Items from a dataset:
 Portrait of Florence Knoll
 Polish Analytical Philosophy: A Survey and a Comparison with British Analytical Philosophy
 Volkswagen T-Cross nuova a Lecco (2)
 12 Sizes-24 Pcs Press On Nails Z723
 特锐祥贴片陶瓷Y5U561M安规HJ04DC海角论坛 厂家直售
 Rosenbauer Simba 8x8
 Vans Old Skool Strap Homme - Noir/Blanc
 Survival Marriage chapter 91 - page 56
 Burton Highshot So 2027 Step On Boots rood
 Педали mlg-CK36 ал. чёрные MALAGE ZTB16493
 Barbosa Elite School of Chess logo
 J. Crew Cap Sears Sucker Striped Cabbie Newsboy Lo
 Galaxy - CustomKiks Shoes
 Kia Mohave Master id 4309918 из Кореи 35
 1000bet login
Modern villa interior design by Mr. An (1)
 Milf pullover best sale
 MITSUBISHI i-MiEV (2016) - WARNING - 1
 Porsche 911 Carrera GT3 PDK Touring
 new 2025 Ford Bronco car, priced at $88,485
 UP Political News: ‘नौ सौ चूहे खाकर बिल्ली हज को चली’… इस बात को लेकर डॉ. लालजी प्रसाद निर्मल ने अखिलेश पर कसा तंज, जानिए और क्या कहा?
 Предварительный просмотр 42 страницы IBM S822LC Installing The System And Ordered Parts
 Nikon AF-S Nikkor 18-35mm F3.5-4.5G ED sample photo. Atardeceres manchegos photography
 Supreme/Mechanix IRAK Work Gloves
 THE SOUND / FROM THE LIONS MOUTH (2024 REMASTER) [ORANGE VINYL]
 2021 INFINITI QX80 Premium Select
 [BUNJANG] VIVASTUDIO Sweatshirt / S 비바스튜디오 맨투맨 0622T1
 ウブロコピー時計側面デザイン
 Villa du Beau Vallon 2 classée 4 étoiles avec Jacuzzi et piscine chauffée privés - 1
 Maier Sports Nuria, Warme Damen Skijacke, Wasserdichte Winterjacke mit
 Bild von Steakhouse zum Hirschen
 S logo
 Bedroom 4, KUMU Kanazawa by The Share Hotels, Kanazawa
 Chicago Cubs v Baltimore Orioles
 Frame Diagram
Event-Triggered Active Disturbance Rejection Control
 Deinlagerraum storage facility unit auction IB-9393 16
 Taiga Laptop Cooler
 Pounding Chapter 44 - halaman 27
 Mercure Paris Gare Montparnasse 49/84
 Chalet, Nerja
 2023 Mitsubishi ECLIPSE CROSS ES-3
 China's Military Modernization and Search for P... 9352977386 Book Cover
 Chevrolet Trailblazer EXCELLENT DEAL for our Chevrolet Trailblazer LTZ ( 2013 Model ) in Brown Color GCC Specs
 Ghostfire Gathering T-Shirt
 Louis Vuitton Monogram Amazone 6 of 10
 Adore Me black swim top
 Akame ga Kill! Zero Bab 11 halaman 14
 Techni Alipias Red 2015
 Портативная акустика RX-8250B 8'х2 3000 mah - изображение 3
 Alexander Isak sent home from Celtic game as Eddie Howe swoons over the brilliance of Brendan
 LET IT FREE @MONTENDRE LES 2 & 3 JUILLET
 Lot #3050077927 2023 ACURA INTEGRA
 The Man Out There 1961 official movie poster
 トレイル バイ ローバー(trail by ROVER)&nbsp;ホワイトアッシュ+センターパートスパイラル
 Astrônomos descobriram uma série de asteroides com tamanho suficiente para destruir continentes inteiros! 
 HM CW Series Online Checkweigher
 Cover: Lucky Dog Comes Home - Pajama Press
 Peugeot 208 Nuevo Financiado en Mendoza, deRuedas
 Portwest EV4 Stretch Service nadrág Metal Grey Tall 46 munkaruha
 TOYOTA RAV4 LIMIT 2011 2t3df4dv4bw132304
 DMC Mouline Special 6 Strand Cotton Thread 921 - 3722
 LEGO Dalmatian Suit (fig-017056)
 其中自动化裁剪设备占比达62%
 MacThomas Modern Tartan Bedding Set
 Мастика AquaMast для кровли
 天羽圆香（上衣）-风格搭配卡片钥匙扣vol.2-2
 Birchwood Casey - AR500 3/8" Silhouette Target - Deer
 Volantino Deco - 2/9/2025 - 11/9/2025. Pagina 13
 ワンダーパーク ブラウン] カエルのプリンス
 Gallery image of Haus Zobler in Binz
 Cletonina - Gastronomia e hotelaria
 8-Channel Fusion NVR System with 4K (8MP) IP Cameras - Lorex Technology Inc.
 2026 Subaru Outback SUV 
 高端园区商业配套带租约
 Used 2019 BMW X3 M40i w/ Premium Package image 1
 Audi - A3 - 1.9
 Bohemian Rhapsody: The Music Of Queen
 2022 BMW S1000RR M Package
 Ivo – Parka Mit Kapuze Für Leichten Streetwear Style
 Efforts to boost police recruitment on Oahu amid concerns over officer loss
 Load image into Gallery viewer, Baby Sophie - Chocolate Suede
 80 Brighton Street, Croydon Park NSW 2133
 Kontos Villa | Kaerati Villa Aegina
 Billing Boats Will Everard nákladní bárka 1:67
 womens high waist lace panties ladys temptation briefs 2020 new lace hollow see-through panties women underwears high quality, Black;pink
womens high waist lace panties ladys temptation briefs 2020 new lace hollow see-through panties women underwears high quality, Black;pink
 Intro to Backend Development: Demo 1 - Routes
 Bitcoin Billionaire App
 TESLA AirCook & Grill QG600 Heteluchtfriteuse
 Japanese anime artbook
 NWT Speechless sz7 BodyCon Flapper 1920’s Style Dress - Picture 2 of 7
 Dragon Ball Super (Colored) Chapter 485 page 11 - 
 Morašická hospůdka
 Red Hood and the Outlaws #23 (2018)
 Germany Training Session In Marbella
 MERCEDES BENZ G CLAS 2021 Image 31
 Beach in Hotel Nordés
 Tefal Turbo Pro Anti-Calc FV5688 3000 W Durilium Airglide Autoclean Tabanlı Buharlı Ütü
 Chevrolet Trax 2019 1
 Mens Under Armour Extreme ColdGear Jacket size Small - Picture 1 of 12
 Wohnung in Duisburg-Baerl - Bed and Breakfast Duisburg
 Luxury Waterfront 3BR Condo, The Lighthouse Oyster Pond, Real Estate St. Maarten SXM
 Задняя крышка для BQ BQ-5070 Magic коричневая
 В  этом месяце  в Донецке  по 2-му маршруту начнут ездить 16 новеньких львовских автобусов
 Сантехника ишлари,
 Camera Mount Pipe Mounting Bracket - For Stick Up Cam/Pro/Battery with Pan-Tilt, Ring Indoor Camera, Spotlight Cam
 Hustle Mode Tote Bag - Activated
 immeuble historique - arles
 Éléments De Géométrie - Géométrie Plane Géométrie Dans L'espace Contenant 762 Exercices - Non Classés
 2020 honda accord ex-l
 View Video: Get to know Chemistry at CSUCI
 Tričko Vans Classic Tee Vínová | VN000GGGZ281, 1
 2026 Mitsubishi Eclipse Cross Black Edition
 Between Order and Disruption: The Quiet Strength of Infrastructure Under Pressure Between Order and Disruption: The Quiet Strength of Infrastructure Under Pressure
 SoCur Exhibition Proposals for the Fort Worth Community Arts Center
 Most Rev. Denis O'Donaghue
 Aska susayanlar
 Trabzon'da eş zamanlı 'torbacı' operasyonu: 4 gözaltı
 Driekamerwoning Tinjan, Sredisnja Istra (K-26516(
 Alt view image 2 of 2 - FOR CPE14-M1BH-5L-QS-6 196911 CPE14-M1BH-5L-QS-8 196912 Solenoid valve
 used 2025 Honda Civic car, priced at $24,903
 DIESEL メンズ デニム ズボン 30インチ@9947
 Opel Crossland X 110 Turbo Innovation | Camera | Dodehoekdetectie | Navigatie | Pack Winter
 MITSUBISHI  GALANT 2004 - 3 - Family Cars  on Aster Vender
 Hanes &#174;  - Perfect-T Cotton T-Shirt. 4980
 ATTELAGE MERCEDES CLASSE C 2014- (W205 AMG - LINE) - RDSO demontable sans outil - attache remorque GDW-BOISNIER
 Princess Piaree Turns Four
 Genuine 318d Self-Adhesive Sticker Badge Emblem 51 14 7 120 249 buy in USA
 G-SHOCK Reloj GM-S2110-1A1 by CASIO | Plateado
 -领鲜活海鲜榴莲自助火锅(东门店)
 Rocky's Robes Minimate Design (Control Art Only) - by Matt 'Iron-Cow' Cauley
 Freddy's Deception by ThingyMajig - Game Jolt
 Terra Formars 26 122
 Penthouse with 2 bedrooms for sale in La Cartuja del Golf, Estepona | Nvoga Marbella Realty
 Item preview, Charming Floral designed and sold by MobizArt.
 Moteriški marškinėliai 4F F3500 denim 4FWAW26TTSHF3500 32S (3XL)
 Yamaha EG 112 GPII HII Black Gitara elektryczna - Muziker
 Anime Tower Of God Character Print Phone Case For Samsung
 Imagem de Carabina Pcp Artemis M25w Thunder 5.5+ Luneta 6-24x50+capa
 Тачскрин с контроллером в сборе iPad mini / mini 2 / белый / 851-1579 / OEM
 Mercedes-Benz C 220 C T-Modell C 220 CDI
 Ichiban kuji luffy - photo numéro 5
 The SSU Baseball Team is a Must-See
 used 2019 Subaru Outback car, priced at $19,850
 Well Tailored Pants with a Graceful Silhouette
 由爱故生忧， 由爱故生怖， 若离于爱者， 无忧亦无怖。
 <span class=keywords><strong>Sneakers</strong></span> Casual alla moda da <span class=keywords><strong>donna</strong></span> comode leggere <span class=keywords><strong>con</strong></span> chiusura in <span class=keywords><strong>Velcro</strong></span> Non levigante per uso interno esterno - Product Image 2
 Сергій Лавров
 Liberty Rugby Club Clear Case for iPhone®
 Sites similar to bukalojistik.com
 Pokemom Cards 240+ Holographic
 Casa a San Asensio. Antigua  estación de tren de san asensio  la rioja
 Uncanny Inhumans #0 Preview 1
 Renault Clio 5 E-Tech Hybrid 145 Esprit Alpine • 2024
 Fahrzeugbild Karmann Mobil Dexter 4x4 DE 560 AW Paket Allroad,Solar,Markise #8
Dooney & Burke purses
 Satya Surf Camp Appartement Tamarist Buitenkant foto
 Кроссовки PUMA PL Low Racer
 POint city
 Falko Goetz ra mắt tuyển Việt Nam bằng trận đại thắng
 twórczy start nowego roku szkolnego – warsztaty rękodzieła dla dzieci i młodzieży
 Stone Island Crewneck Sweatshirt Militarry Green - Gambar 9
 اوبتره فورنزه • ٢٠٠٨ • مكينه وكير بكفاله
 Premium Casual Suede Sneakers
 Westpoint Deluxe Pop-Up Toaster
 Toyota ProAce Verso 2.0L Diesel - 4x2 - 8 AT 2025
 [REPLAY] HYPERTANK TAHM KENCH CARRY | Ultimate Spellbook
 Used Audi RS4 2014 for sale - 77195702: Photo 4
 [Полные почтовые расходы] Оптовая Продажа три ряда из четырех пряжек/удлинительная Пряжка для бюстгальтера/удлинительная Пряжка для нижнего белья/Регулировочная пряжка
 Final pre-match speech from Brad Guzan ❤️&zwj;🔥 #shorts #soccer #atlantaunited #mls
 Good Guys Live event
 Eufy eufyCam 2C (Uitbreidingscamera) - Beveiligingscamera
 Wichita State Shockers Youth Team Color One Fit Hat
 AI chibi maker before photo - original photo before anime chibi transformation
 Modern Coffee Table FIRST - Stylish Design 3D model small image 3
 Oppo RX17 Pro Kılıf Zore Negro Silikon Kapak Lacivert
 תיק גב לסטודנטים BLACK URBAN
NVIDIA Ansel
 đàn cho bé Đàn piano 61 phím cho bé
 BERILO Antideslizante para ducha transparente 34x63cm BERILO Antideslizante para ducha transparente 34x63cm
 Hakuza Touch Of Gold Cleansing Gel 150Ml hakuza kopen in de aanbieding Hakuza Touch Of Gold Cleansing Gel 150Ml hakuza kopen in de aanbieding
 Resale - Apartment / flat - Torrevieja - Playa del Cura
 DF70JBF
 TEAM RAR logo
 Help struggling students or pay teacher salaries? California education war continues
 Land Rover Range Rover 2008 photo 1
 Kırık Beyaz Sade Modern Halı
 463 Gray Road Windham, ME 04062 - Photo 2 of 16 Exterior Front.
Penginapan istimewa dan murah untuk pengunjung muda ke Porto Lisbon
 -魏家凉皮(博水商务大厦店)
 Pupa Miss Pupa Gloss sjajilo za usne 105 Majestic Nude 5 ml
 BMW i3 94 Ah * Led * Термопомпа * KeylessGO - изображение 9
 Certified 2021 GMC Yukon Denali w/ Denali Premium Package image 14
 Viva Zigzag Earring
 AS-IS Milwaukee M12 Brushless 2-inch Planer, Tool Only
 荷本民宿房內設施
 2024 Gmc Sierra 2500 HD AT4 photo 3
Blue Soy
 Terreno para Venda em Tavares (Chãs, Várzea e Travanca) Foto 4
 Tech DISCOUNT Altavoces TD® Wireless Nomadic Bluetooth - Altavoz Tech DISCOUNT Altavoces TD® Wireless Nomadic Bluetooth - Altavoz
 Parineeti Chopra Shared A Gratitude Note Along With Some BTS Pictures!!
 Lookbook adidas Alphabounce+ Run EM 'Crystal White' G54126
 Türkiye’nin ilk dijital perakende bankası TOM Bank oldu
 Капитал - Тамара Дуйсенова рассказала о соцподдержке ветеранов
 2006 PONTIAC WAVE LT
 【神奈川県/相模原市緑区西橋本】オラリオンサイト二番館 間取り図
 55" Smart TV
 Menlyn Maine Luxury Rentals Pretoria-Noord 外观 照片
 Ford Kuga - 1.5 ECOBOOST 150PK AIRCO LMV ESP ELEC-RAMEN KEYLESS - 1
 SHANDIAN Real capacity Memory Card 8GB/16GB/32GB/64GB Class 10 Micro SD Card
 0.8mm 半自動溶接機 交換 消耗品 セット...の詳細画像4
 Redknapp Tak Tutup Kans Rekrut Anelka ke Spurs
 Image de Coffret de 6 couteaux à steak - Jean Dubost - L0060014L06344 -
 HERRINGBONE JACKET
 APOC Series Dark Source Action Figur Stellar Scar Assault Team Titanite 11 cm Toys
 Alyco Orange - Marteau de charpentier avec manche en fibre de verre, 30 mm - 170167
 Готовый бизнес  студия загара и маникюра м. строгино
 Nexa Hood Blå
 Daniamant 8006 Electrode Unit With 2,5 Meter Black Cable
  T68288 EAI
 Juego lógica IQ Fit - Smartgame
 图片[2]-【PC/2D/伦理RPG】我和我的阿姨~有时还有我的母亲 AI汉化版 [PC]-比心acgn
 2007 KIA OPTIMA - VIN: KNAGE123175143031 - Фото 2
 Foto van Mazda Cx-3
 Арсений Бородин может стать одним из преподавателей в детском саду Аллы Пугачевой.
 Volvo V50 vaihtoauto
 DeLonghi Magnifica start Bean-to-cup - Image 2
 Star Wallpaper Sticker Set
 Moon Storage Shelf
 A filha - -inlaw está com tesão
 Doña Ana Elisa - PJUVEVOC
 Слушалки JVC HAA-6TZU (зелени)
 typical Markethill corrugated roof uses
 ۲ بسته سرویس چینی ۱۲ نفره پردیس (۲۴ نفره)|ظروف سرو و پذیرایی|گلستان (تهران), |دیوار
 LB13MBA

= Task description =
Exactly as they stand, please print the lines from the first line of the records above down to the line that includes "Porsche 911 Carrera GT3 PDK Touring", both of those included and no others.

= Result below =
 Portrait of Florence Knoll
 Polish Analytical Philosophy: A Survey and a Comparison with British Analytical Philosophy
 Volkswagen T-Cross nuova a Lecco (2)
 12 Sizes-24 Pcs Press On Nails Z723
 特锐祥贴片陶瓷Y5U561M安规HJ04DC海角论坛 厂家直售
 Rosenbauer Simba 8x8
 Vans Old Skool Strap Homme - Noir/Blanc
 Survival Marriage chapter 91 - page 56
 Burton Highshot So 2027 Step On Boots rood
 Педали mlg-CK36 ал. чёрные MALAGE ZTB16493
 Barbosa Elite School of Chess logo
 J. Crew Cap Sears Sucker Striped Cabbie Newsboy Lo
 Galaxy - CustomKiks Shoes
 Kia Mohave Master id 4309918 из Кореи 35
 1000bet login
Modern villa interior design by Mr. An (1)
 Milf pullover best sale
 MITSUBISHI i-MiEV (2016) - WARNING - 1
 Porsche 911 Carrera GT3 PDK Touring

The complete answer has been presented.